Anyway, a lot of funny examples at the end.
Because LLMs strip provenance leading to knowledge decay. citations are good and we’ve gotten desensitized to this
As a practitioner I can tell you that even my limited silo of historical text analysis the flaws are massive. 40 years ago I was lucky enough to fall in with Itty Bitty, Home Brew, and others of legend.
I can tell you the state of tools, methods, unit testing, linters, IDE, message watching, trace, conforming, scope, debug..are non-existent. If I had not learned the discipline of software design and development back then when we had to roll our own tools I would not know how to save myself now. Most working devs never have.

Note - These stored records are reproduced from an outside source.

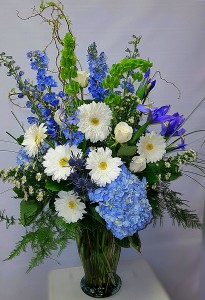 Royal Blue Skies  Vase arrangement 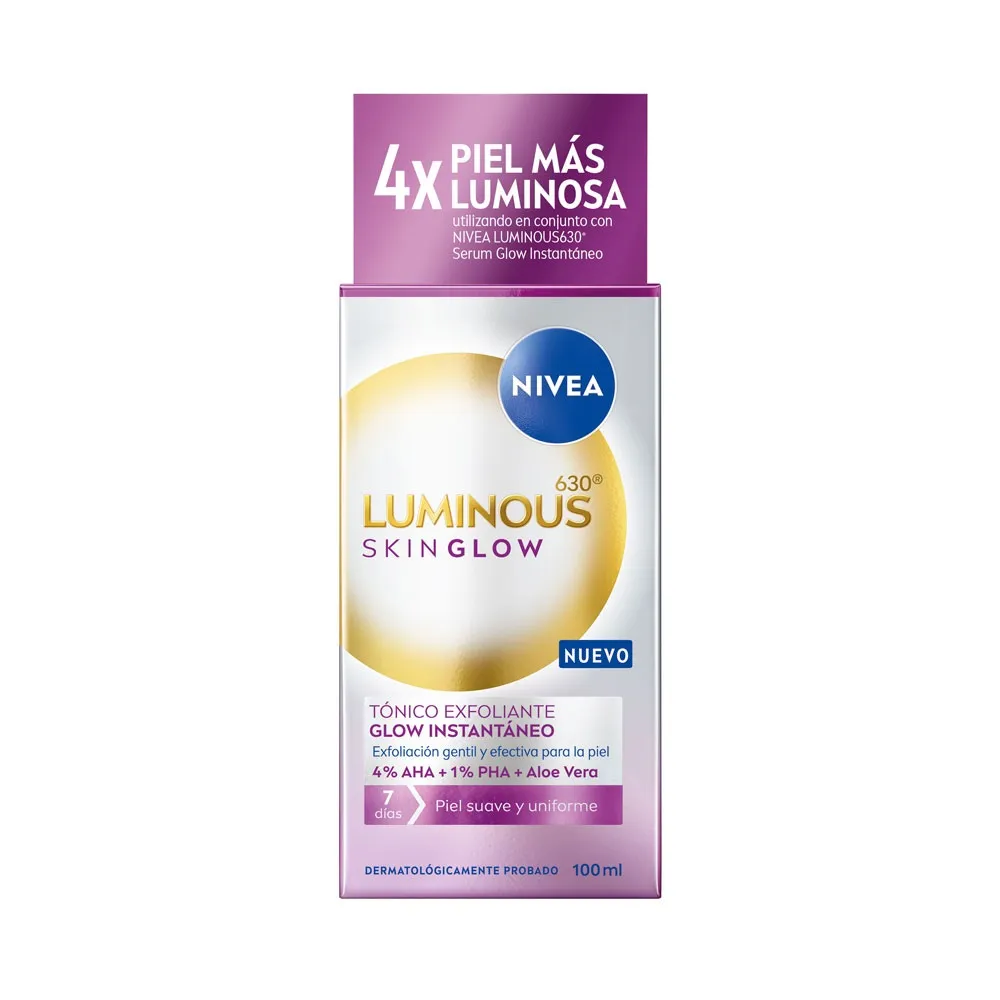 NIVEA Luminous Skin Glow Tónico Exfoliante – 100 ml Tónico exfoliante para una piel más luminosa, suave y uniforme - Imagen 2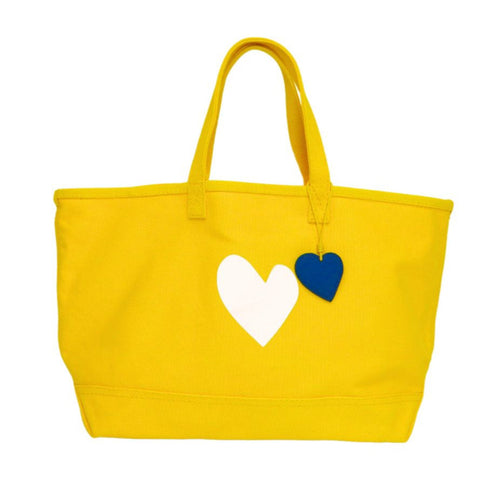 Bright sunshine yellow imperfect heart cotton canvas tote bag by Kerri Rosenthal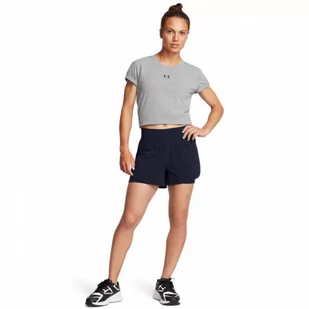 Damskie spodenki treningowe Under Armour Flex Woven 2-In-1 Short - granatowe - UNDER ARMOUR - Spodnie sportowe damskie - miniaturka - grafika 1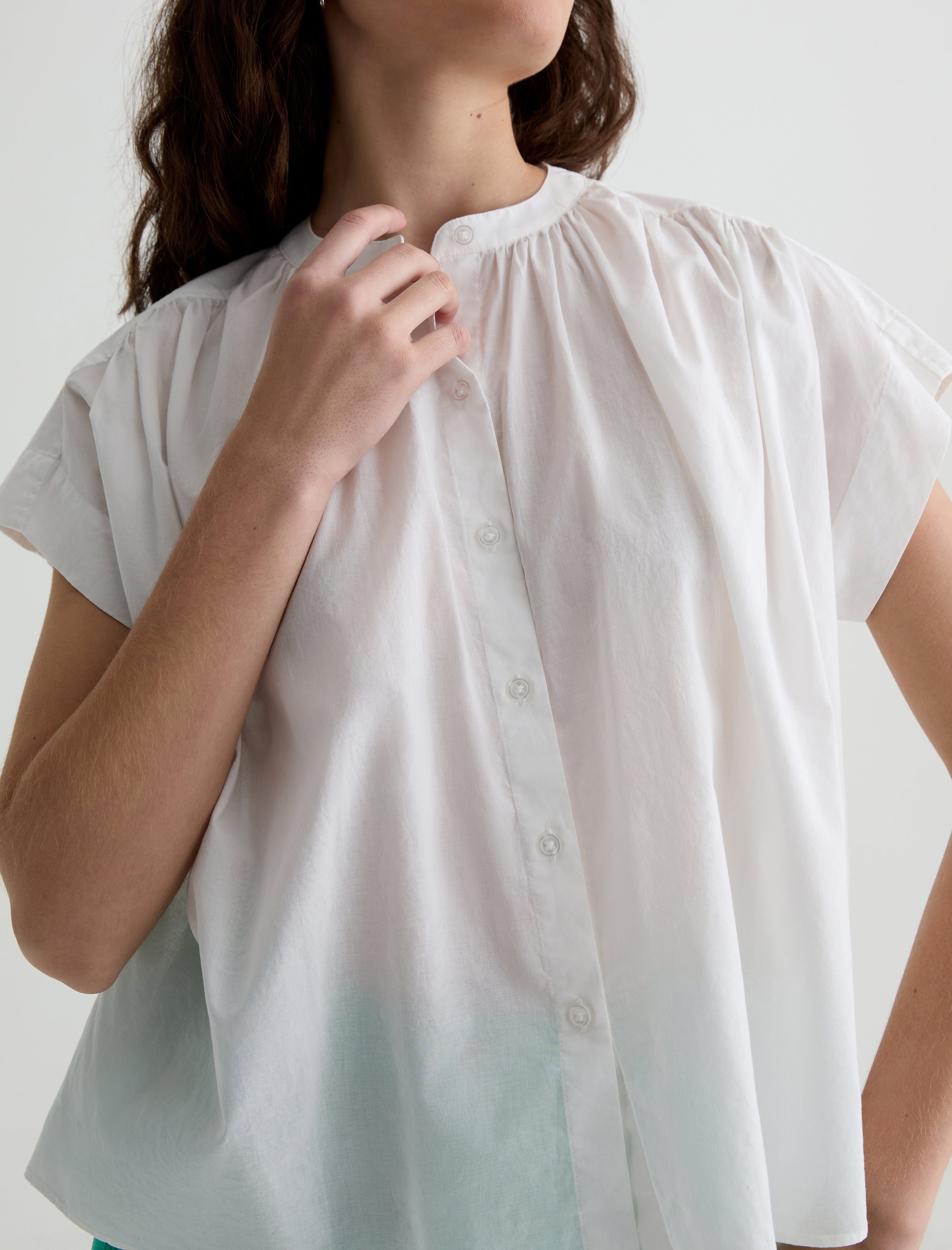 Lotta Blouse White Short Sleeve Shirred Blouse Women Top Photo 2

This leads to the issues Mister Marcus notes. Eventually quality and repeatability have to be there or people will walk away.
There is no way the incremental pace we are going at in terms of quality and support will arrive in time to ensure broad adoption.
Agents? If they are running as well as the dev environments do you should be concerned.
Yesterday Opus 4.6 decided to do something so monumentally dumb that it filled its entire VM with str passes that should have been local which lead to total failure of a project. I was forced to piece it back together over many more hours-from screenshots and notes. This is just ridiculous.
They need a software dev culture inside these companiesthat addresses these incredible MCP lapses and errors. And that is not the focus. The energy is focused on model madness and not capability and process. On growth at any cost.
Where does this lead? Eventually to not a lot of paying customers to try to support the massive spend spawning out of any kind of control. Which may leave scant funding for anything else we actually need as a society.
I and my paltry quarter century adjacent to software dev are inclined to agree.
From a total non expert neophyte: why is absence of AGI equivalent to a useless model? Why can’t an LLM that is merely better than current iterations and far less prone to mistakes still provide very valuable and even transformative performance that can be a major business asset and discovery-accelerating research tool. Alphafold is not AGI. Even if LLMs do not lead to something that needs to be hunted down and laser blasted Blade Runner style they still seem like a big deal. Not close to being worthy of current valuations but pretty fucking cool.
1. The problem is not that genAI is useless. The problem is that it is not useful enough to justify trillions of dollars in investment, let alone telling every white collar worker in America that they must immediately learn to use LLMs or risk the bread line.
2. Alphafold is good. 5 years in, however, it has resulted in zero new drugs. Best guess from its leader is that it may reduce the time to drug discovery by 5%. That is significant. But it isn’t stop training new scientists because AI will do the R&D now good.
Just my gut feeling. The very existence of hallucinations implies there is no reasoning and/or understanding.
https://substack.com/@d90no2/note/c-209034939?r=4bbwgs&utm_medium=ios&utm_source=notes-share-action
You may be able to formalize this notion.
Humans sometimes hallucinate. Does this imply that there is no reasoning and/or understanding?
Humans hallucinate due to poisons in their blood stream.
Very different mechanisms. The machines don’t get tired.